As we know, a Brownian motion is usually formulated as $$dx_t = \mu,dt+\sigma,dW_t$$ which is the continuous case of a random walk. In some cases, it is quite convenient to use this formulation to describe the characteristic of asset prices due to its highly unpredictable behavior.

However, there are financial indicators or variables that also exhibit, at least temporarily, stable behavior. For example, two companies with great homogeneity may be reflected in the synchronous co-movement of their stock prices. The value of a neutral portfolio composed of a long position of the one stock and a appropriately determined short position of the other may also exhibit such stationary mean-reverting behavior. Such behavior can be captured by Ornstein-Uhlenbeck process. It is often used to characterize stationary mean-reverting data-generating process like $$dx_t = \theta (\mu-x_t),dt + \sigma, dW_t$$ where $x_t$ denotes the the value of the portfolio, often called the spread, $\theta$ and $\mu$ are two parameters to capture the magnitude of the mean-reverting force, and $\sigma$ is a parameter to capture the diverting volatility.

In R, a package named {sde} provides functions to deal with a wide range of stochasic differential equations including the discrete version of Ornstein-Uhlenbeck process. Here, I will show you how to fit an OU-process with discrete time series data.

First, we simulate an OU-process to generate some discrete data. Although {sde} package does not provide a specific function that only simulates this stochastic process, it offers a much more general one. sde.sim is a function to simulate any stochastic differential equation in the form $$dx_t = \mu(x_t,t),dt + \sigma(x_t,t), dW_t$$ where $\mu(x_t,t)$ is the drift function with respect to $x_t$ and $t$ , and $\sigma(x_t,t)$ is the volatility function also with respect to $x_t$ and $t$ .

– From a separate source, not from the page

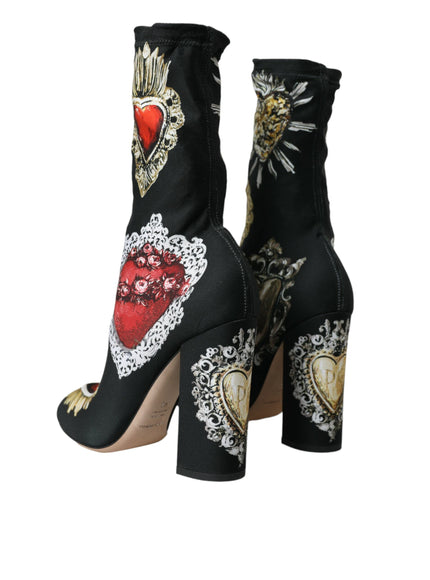 a pair of black high heeled shoes with hearts on them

The following code shows how we may simulate an OU-process with sde.sim. It also demonstrate the power of R because it allows you to create symbolic expressions to represent any stochastic differential equation that can be expressed by the formula above.

library(sde)
spread <- sde.sim(0,1,0,1000,
  drift = expression(0-0.5*x),
  sigma = expression(0.8),sigma.x = expression(0))

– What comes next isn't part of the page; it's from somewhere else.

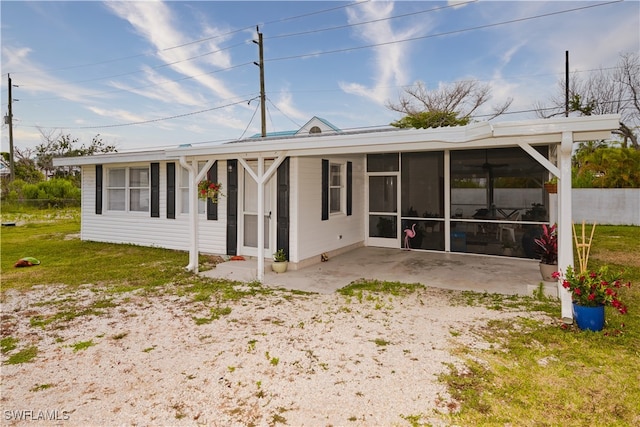 rear view of house featuring a patio, a sunroom, and a lawn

Once we simulate a spread process generated by an OU-process formulated by $$dx_t = (0-0.5x),dt + 0.8, dW_t$$ we may then use MLE to estimate the coefficients. Here we build a function called ou.lik that returns a closure (a function returned by an enclosing function) to represent the maximum likelihood function generated by a specific set of data x.

ou.lik <- function(x) {
  function(theta1,theta2,theta3) {
    n <- length(x)
    dt <- deltat(x)
    -sum(dcOU(x=x[2:n], Dt=dt, x0=x[1:(n-1)],
      theta=c(theta1,theta2,theta3), log=TRUE))
  }
}

One thing to remind is that dcOU function calculates the joint density of a given set of data assuming that the data follows an OU-process. However, it parameterizes OU-process in a little bit different way as we have just mentioned. The equation for dcOU is $$dx_t = (\theta_1 - \theta_2 x_t),dt + \theta_3 , dW_t$$ where $(\theta_1,\theta_2,\theta_3)$ is used to fully characterize the OU-process.

Given the above parameterization, then we call mle to perform maximal likelihood estimation for the spread process given an initial trial value of $(\theta_1,\theta_2,\theta_3)$ . To boost the speed, we constrain the parameter space to a smaller one, say, from $(0,10^{-5},10^{-3})$ to $(1,1,1)$ .

ou.fit <- mle(ou.lik(spread),
  start=list(theta1=0,theta2=0.5,theta3=0.2),
  method="L-BFGS-B",lower=c(0,1e-5,1e-3), upper=c(1,1,1))
ou.coe <- coef(ou.fit)
ou.coe

The fitting result will be printed to the console then.